Kendini tanımlarken 'Ben kent insanıyım' diyor. İşlerinde ana tema hep metropol ve sokaklar. O sokakları resmetmiyor, sokakları iç mekanlara taşıyor. Kentten ve kent insanının günlük koşuşturmalarından besleniyor, sokağı ve sokağın jargonunu çok iyi biliyor ve işlerine yansıtıyor.
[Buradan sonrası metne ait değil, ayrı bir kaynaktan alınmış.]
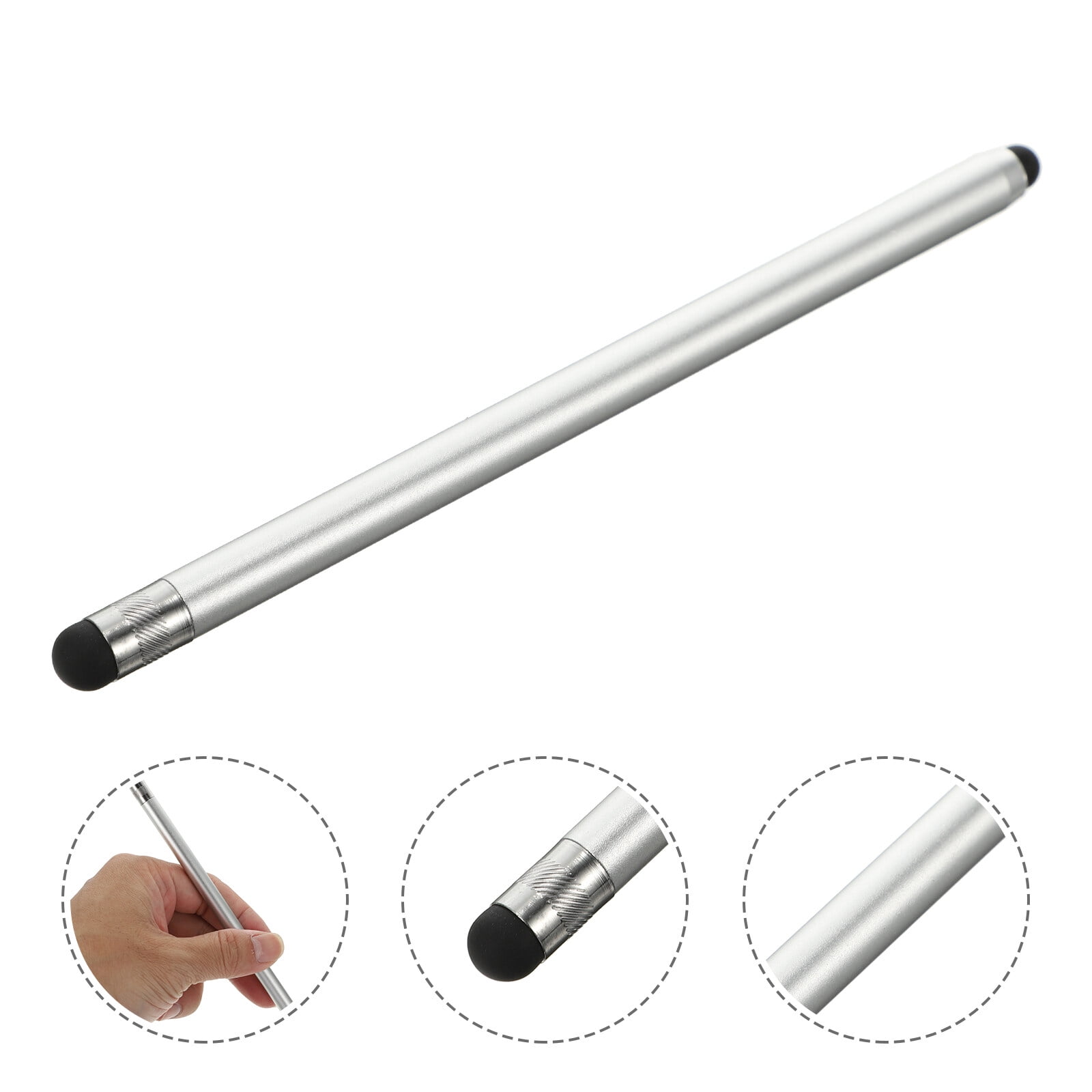 FENGGUIQU Capacitive Stylus Pen Stylus for Motorcycle Screen Touch for Tablet 1Set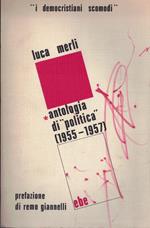 Antologia di 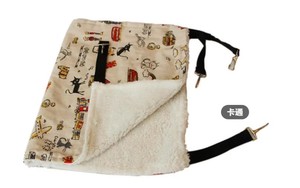 Cama Económica y Cómoda para Mascotas Pequeñas, Hamaca para Gatos - Product Image 6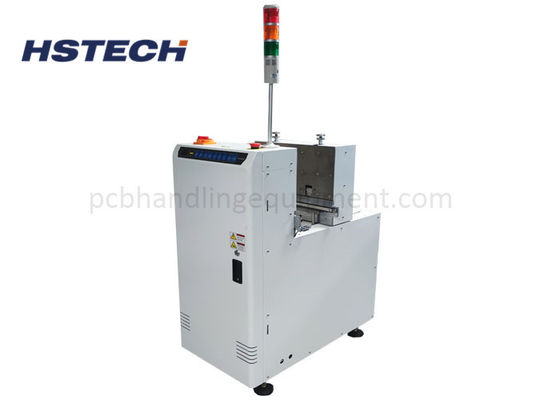 Bom preço. Alta Qualidade PCB Destacker Borda nua Carregador Manual Mitsubishi PLC 20L/min 0.05kW on-line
Yanından geçip de fark edilmeyen görüntü bombardımanından seçkiler sunuyor.
Yaşıyor, yapıyor ve tüketiyor
Beton metropoldeki yapıları oluşturan ana materyallerden biri... Duvarlar, cadde ve sokaklar, viyadükler, köprüler, barajlar, setler, stadyumlar, hava ve deniz limanları, otobüs terminalleri, taşıyıcı elemanlar… Hep içinde/üstünde/altındayız.
Harun Antakyalı kentin olmazsa olmazlarından bir materyali "Beton"u sahipleniyor ve şöyle diyor:
"İnsanını fiziksel ve psikolojik işkencelerle itirafa zorlayan bir coğrafyadan bilim, sanat ve düşün insanı değil, itaat eden biat kültürünü benimseyen nesiller yetişir. Uzmanlaşma olmaz, olamaz. Kişinin kendini eğitmesi otoriteye göre suç sayılabilir. Sosyal yaşam birey için ne kadar önemli ise sanat için de o kadar önemlidir. Geleneksel teknikleri reddeden sanatçı, suçlu mudur? Estetik kolay okumalarla masum iken, zor okuma gerektiren bulgular ile yapıtı ve onu üreten insanı neye, kime göre suçlu kılar?"
Antakyalı bu kez betonlarıyla sanatın kime ve neye göre suç olduğunu arıyor…
Sergi Ankara m1886'da 5 Ekim / 17 Kasım 2013 tarihleri arasında görülebilecek.